Après le Dieselgate (enquête toujours en cours), voici une nouvelle affaire dans laquelle Daimler, BMW et le groupe Volkswagen (VW, Audi et Porsche) sont condamnés pour entente illicite. A l’exception de Daimler (non sanctionné pour avoir révélé l’existence du cartel), les constructeurs sont condamnés à 875 millions d’euros d’amende.
Au-delà de la sanction financière, c’est l’image d’un secteur qui est fortement endommagée sur une question ultra-sensible : des véhicules plus propres, moins polluants.
Respecter la loi n’est pas suffisant
Pour la Commission, les constructeurs automobiles se sont régulièrement rencontrés dans le cadre de réunions techniques pour discuter du développement de la technologie de réduction catalytique sélective (SCR), qui élimine les émissions nocives d’oxyde d’azote (NOx) des gaz d’échappement des voitures à moteur diesel par l’injection d’urée (également appelée «AdBlue»).
Au cours de ces réunions, et pendant plus de cinq ans, les constructeurs automobiles se sont concertés pour éviter de se faire concurrence en allant au-delà de ce qui était exigé par la législation en matière d’épuration des gaz d’échappement, bien que la technologie nécessaire ait été disponible.
Le reproche ne tient donc pas dans le non-respect de la réglementation applicable en matière d’émission. C’est tout autre chose qui est au cœur de la condamnation : la commission estime que la technologie dont disposaient les constructeurs leur auraient permis de faire mieux que la réglementation applicable dans des conditions normales de concurrence. Cela aurait évidemment eu un impact sur le marché car l’acheteur de voiture est devenu très sensible à la question des émissions polluantes. Au lieu de faire le maximum pour créer des voitures plus propres, comme ils avaient technologiquement la possibilité de le faire, les constructeurs se seraient entendus pour réduire leurs ambitions et simplement s’aligner sur la réglementation applicable.
Pour la Commission, cela aboutit à une « restriction de la concurrence entre fabricants sur des caractéristiques du produit qui sont importantes pour les consommateurs. »
Dans sa communication, Margrethe Vestager, vice-présidente exécutive de la Commission chargée de la politique de la concurrence, explique très justement que : « La décision prise aujourd’hui concerne donc la façon dont une coopération technique légitime a mal tourné. »

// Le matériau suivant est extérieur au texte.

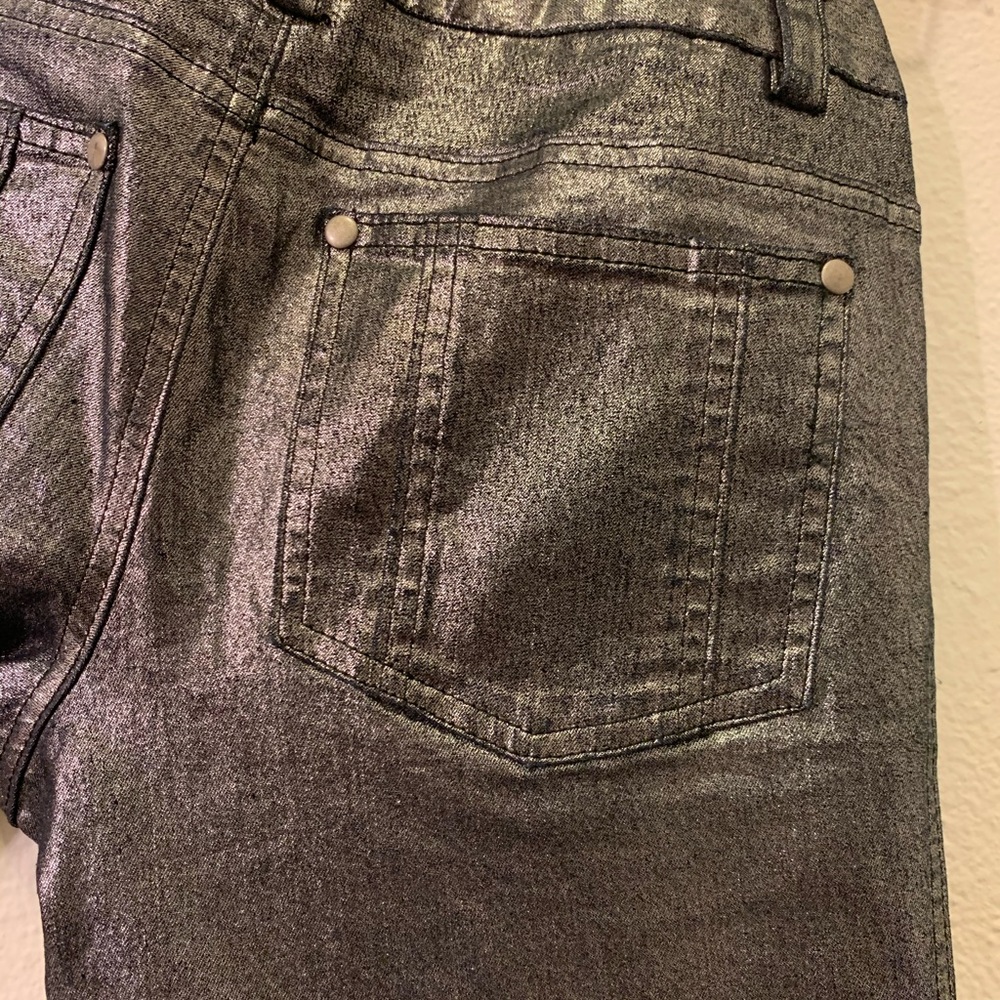 Alice + Olivia skinny jeans with shimmer size 0 - Picture 7 of 7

Pour elle, les cinq constructeurs automobiles Daimler, BMW, Volkswagen, Audi et Porsche possédaient la technologie nécessaire pour réduire les émissions nocives au-delà de ce qui était légalement exigé par les normes d’émission de l’UE. Mais ils ont évité de se faire concurrence en n’utilisant pas tout le potentiel de cette technologie pour aller plus loin que le niveau d’épuration légalement prescrit. Et l’entente entre entreprises est pour nous intolérable.
Alors que la communication des griefs en avril 2019 couvrait non seulement la technologie SRC mais aussi les filtres à particules Otto, la condamnation se limite à la technologie SRC car la Commission estime ne pas avoir de preuves suffisantes concernant les filtres à particules.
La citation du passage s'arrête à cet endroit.